Так он лежал на какой-то, чьей-то власянице – откуда она взялась? – ничего не ожидая. Его руки и ноги вспоминали дорожную тряску. Вдруг, неожиданно он вспомнил все – и лодочника с быстрым наметанным глазом и крик:

– Держи!

Их было двое. Они вдвоем, вплавь, бежали из неволи, скованные друг с другом, плечо к плечу. Свобода! Только за нею можно плыть в оковах, скованным еще с кем-то другим.

Еще день. Вечером у него не горел огонь. Вот его Соловецкий монастырь – Фотий взял, чего хотел. Вот фрунт в лежку. И Аракчеев его одолел.

– Зажги лучину! – сказал вдруг суровый, приказывающий голос. – Почему здесь огня нет?

Еще никого не ожидая, ничего не помня, он понял, что свет, огонь должен быть. Он очнулся.

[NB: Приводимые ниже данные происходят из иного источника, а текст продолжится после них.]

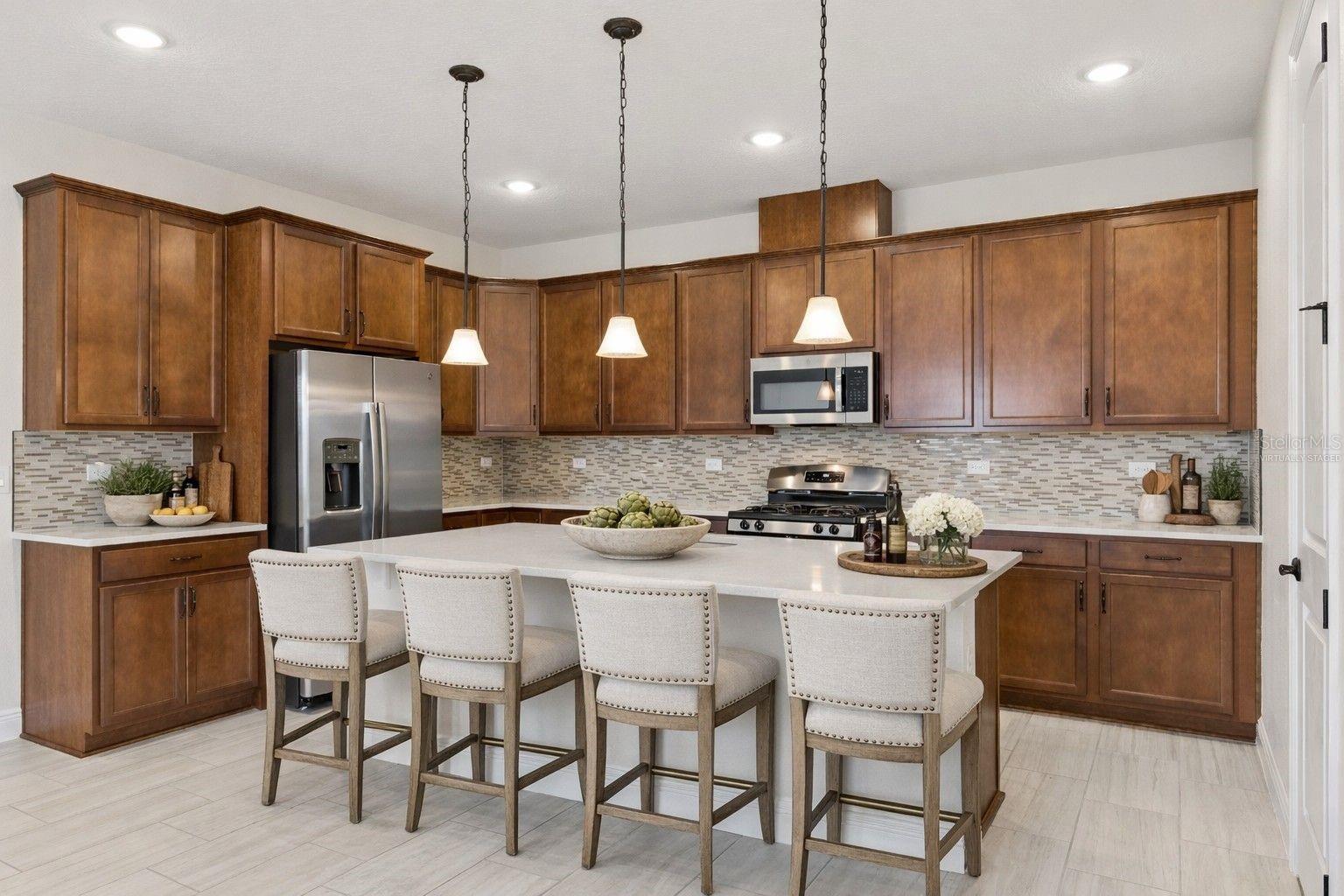 Image 10 of 68 For 5064 Meadow Song Drive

Перед ним стоял генерал Раевский.

Старый Раевский, сердито запретивший кому-то оставлять его в темноте и потребовавший у кого-то лучины, был старшим, родным. Он тотчас почувствовал себя защищенным и впервые вздохнул глубоко и ровно. С таким не пропадешь.

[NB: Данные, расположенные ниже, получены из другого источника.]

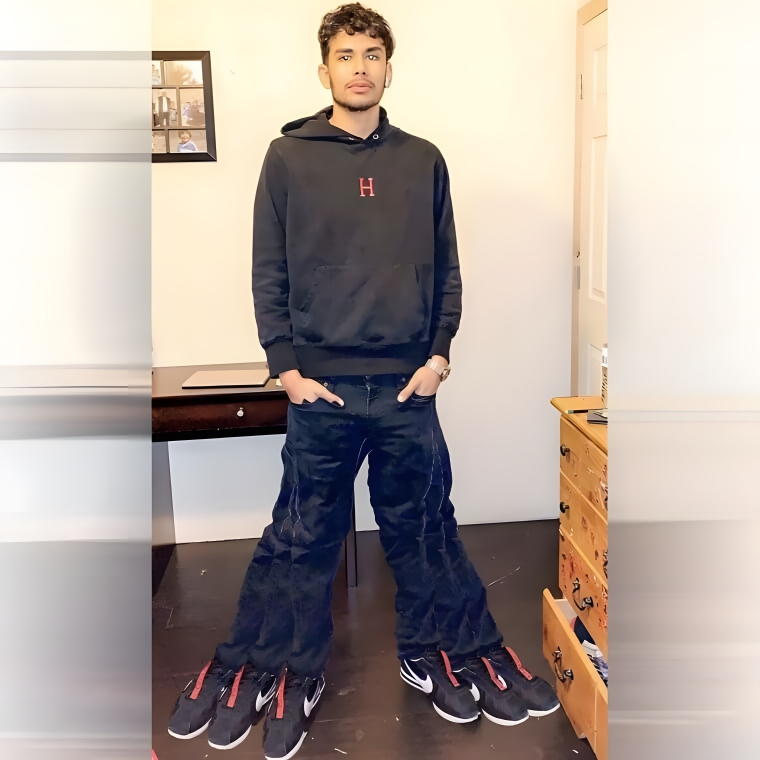 image-42B5pdQ87GlQOH0n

А Николай Раевский – сын его – был все тот же, не меняющий мнений и никогда их не скрывающий. Привыкший оборонять свои стихи, как сердце – солдаты, он читал их Николаю Раевскому со всей откровенностью, а Николай при стихе слишком напряженном просто и громко хохотал. Он привык уважать гусарскую прямоту и никак не мог забыть неодобрения Николая по поводу его горячего и прямого желания говорить с императором, когда речь шла о царском счастье, о Софии Вельо.

– Забудь, – сказал тогда просто гусар.

И теперь, после безумия в этой проклятой харчевне, он не знал, была ли в самом деле история с двумя разбойниками, или это бред. Новая поэма мучила его. Он и бредил ею. Два разбойника, скованные вместе, вместе бежавшие, вместе плывшие за свободой, не покинули его. Ему нужен был, как разум, ясный и громкий смех Николая Раевского. Он вполне ему доверился.

Николай Раевский сказал ему, что этому не поверят, не могут поверить:

– Нет вероятия.

Правде, тому, что было на самом деле, что было словами тюремного протокола, – вот чему нельзя было поверить. Нельзя было верить стиху, который точнее прозы.

Решено. Они ехали на Кавказ и в Крым.